### Input material
-=-=-
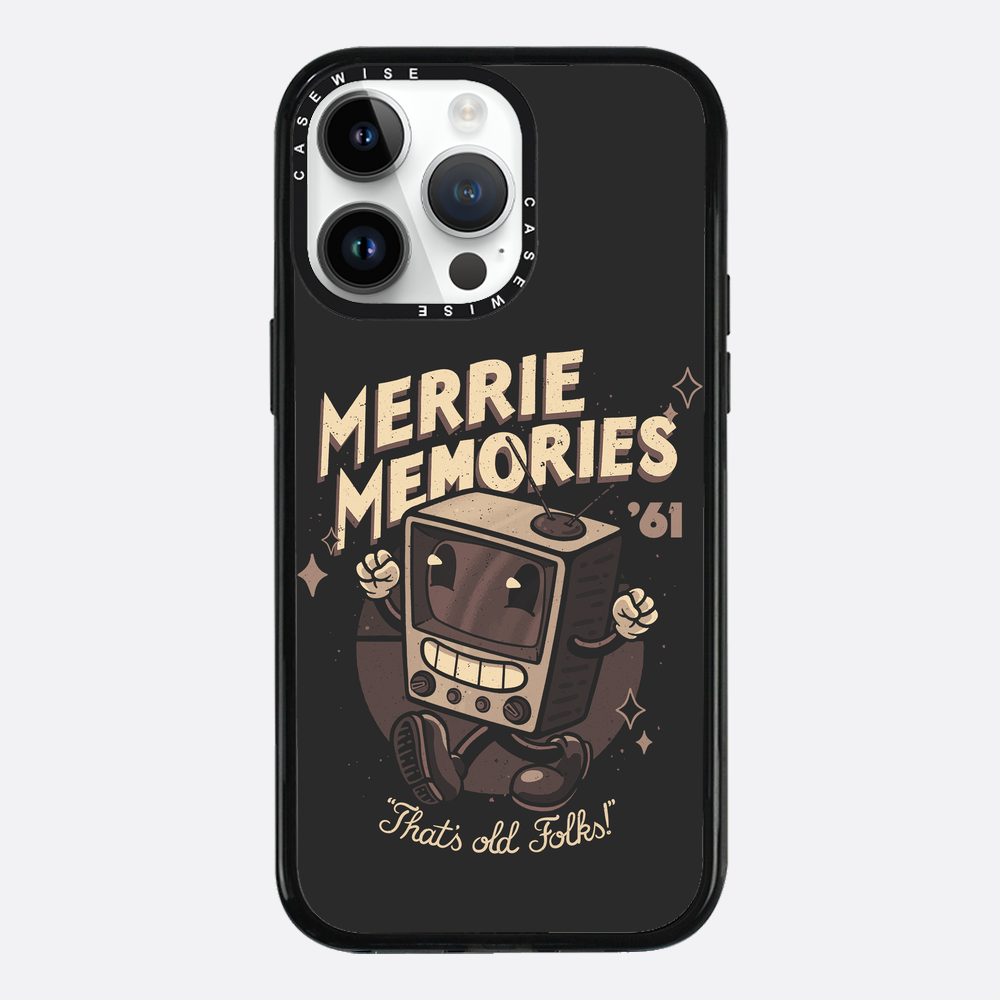 Merrie Memories 1 Charcoal - Etui
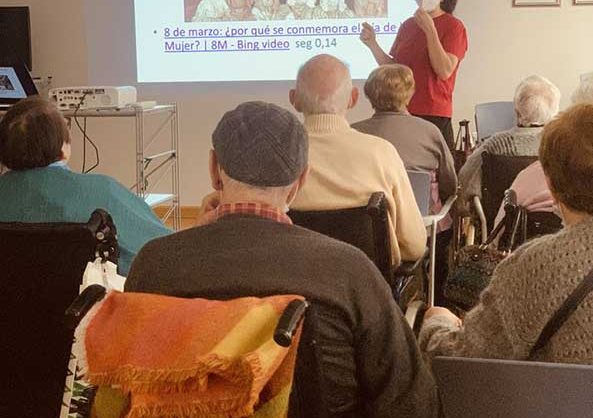 Actividades en torno al 8 de Marzo, Día de la Mujer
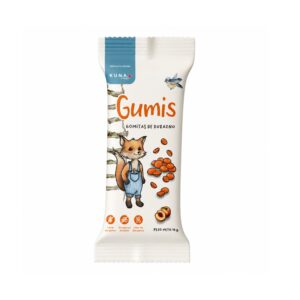 Gomitas Saludables Sin Azúcar – Durazno – 16 gr Kuna Foods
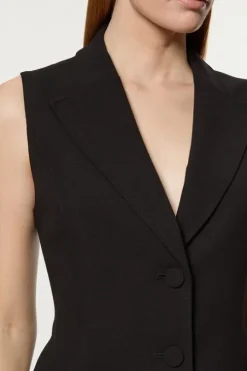 Compact Stretch Essential Tailored Vest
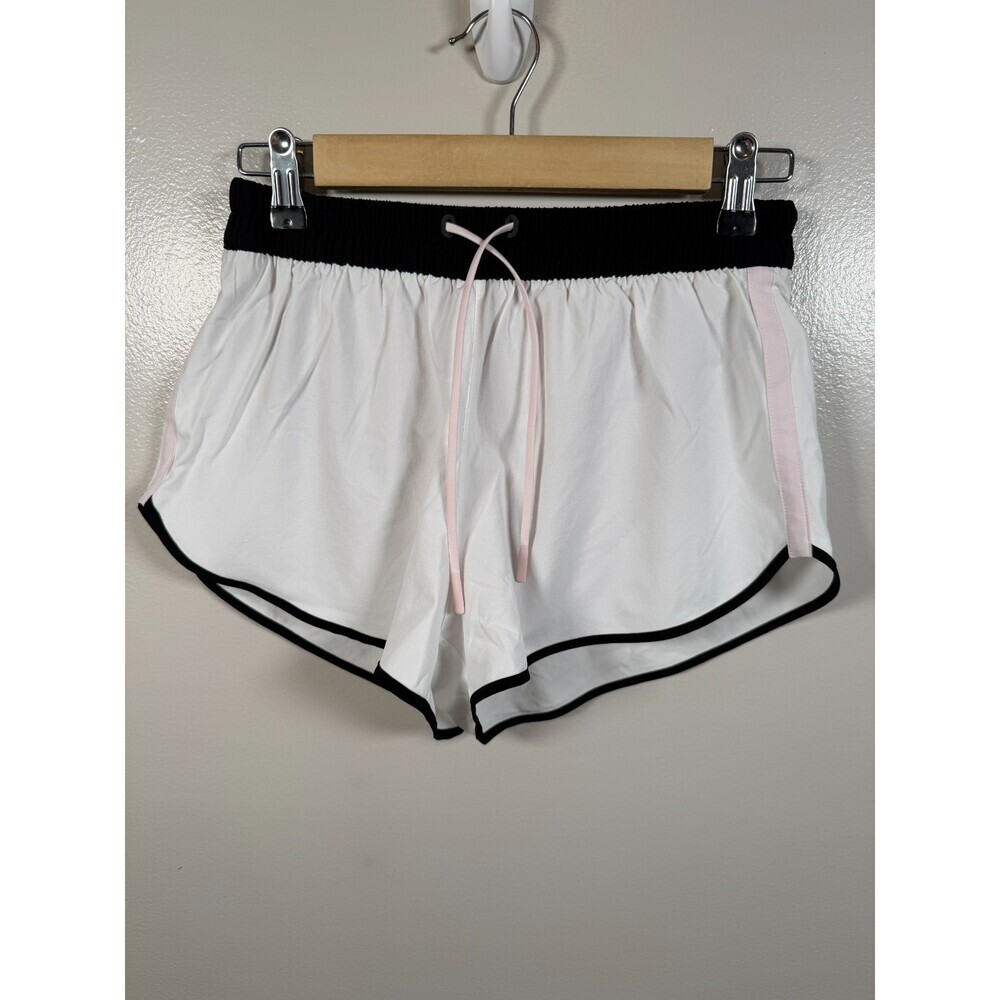Athleta Speedwork Colorblock Run Short Size XXS White Running Athletic Active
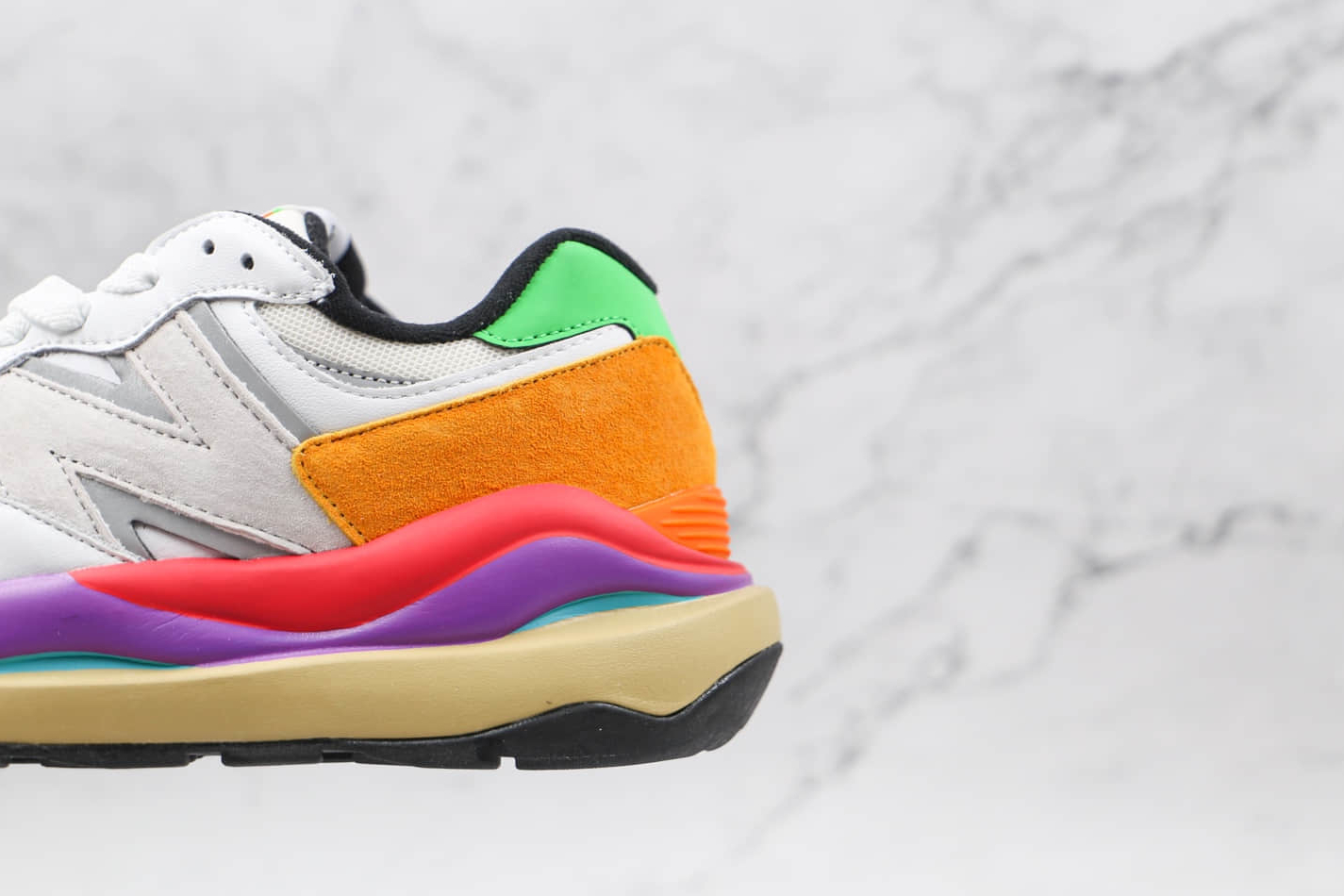 New Balance 57 40 Munsell White Vivid Cactus M5740LA - Shop Now! New Balance 57 40 Munsell White Vivid Cactus M5740LA - Shop Now!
-=-=-
### Exercise requirements
In full and without error, repeat the listing above, omitting its images.

### Task answer
 Merrie Memories 1 Charcoal - Etui
 Actividades en torno al 8 de Marzo, Día de la Mujer
 Gomitas Saludables Sin Azúcar – Durazno – 16 gr Kuna Foods
 Compact Stretch Essential Tailored Vest
Athleta Speedwork Colorblock Run Short Size XXS White Running Athletic Active
 New Balance 57 40 Munsell White Vivid Cactus M5740LA - Shop Now! New Balance 57 40 Munsell White Vivid Cactus M5740LA - Shop Now!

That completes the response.